ACTION ITEM: Only the pictures are to be left out; please reproduce everything else in the data exactly.

THE DATA:
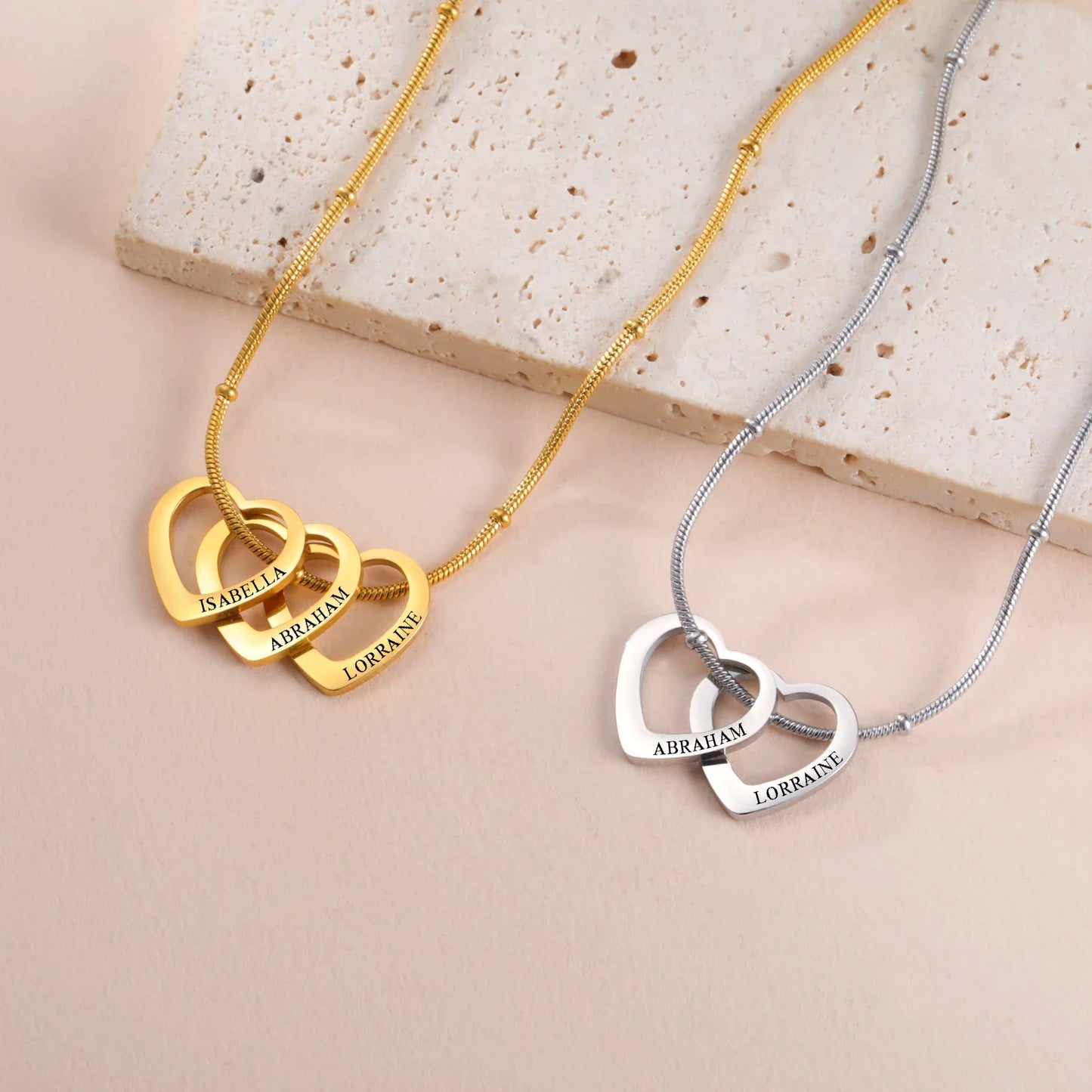 Lemegeton Customize Name Love Necklace 1-4 Heart Pendant Personalized Engraved Name Stainless Steel Jewelry Couple Family Gifts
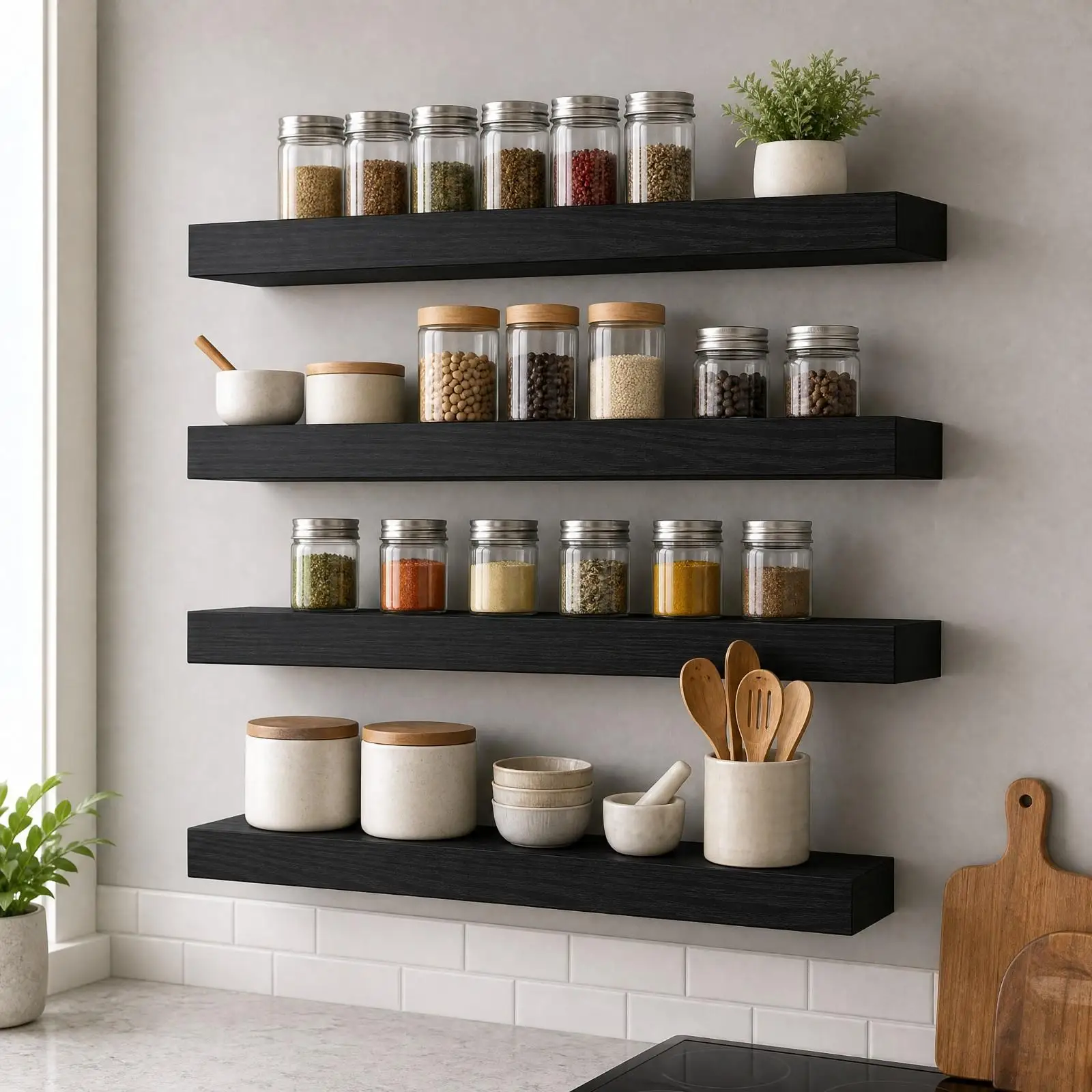 4 Pieces Wooden Floating Wall Shelf Minimalist for Living Room, Bedroom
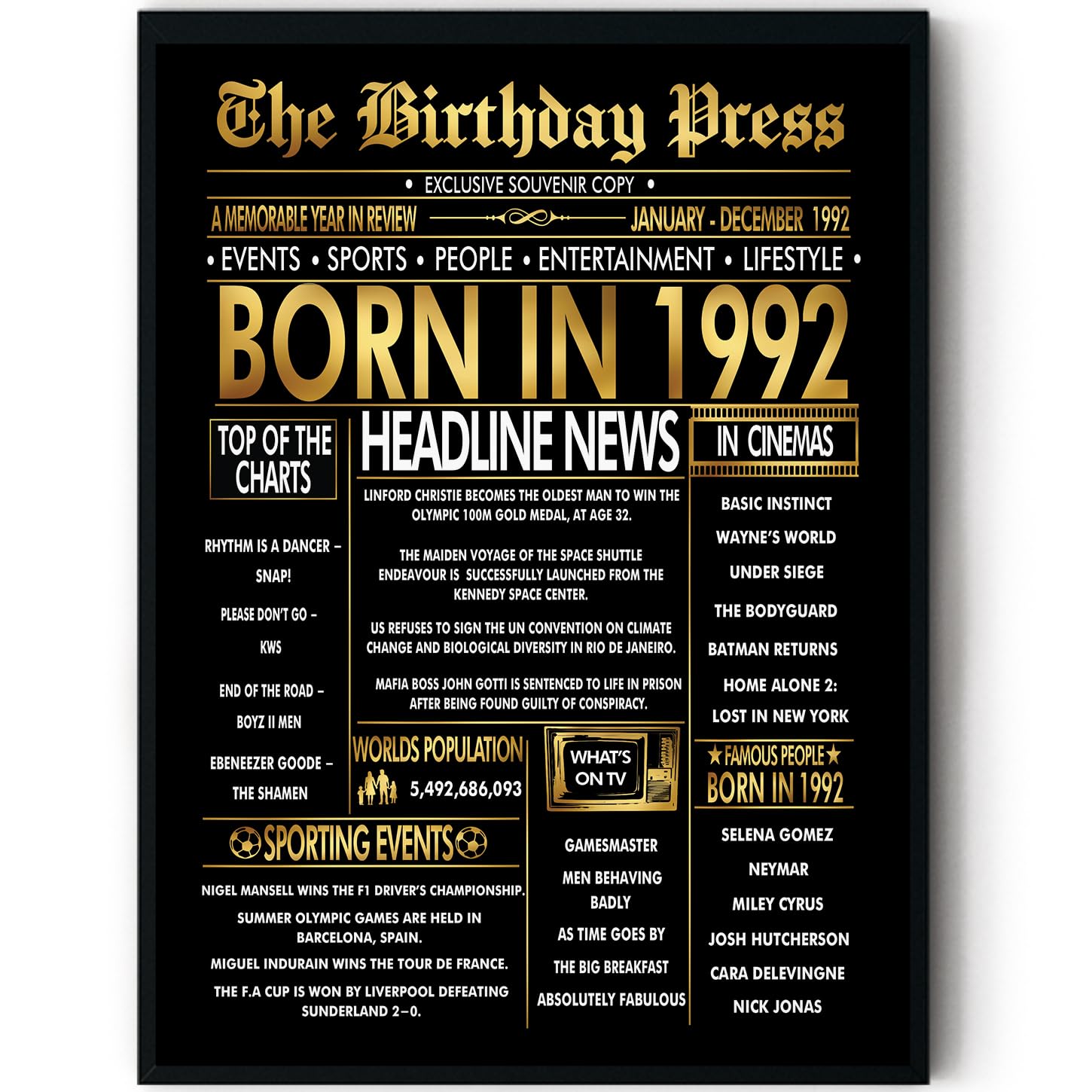 Stuff4 Gold 34th Birthday Poster Framed - Golden Born In 1992 Newspaper - Happy 34 Birthday for Men Women Retro Vintage Gifts Back In 1992, 8x10 Inch Bday Party Decor Decoration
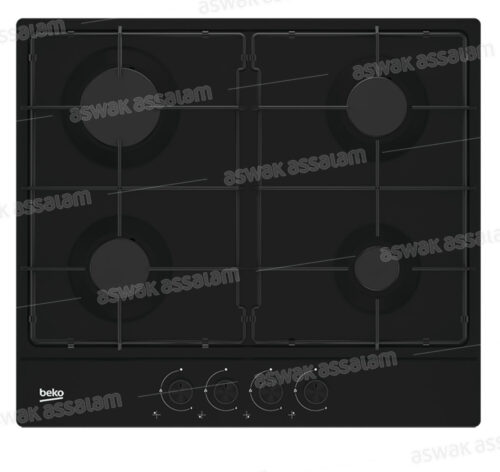 PLAQUE DE CUISSON 4 FEUX 60CM NOIR 64223B BEKO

RESPONSE TO THE TASK:
 Lemegeton Customize Name Love Necklace 1-4 Heart Pendant Personalized Engraved Name Stainless Steel Jewelry Couple Family Gifts
 4 Pieces Wooden Floating Wall Shelf Minimalist for Living Room, Bedroom
 Stuff4 Gold 34th Birthday Poster Framed - Golden Born In 1992 Newspaper - Happy 34 Birthday for Men Women Retro Vintage Gifts Back In 1992, 8x10 Inch Bday Party Decor Decoration
 PLAQUE DE CUISSON 4 FEUX 60CM NOIR 64223B BEKO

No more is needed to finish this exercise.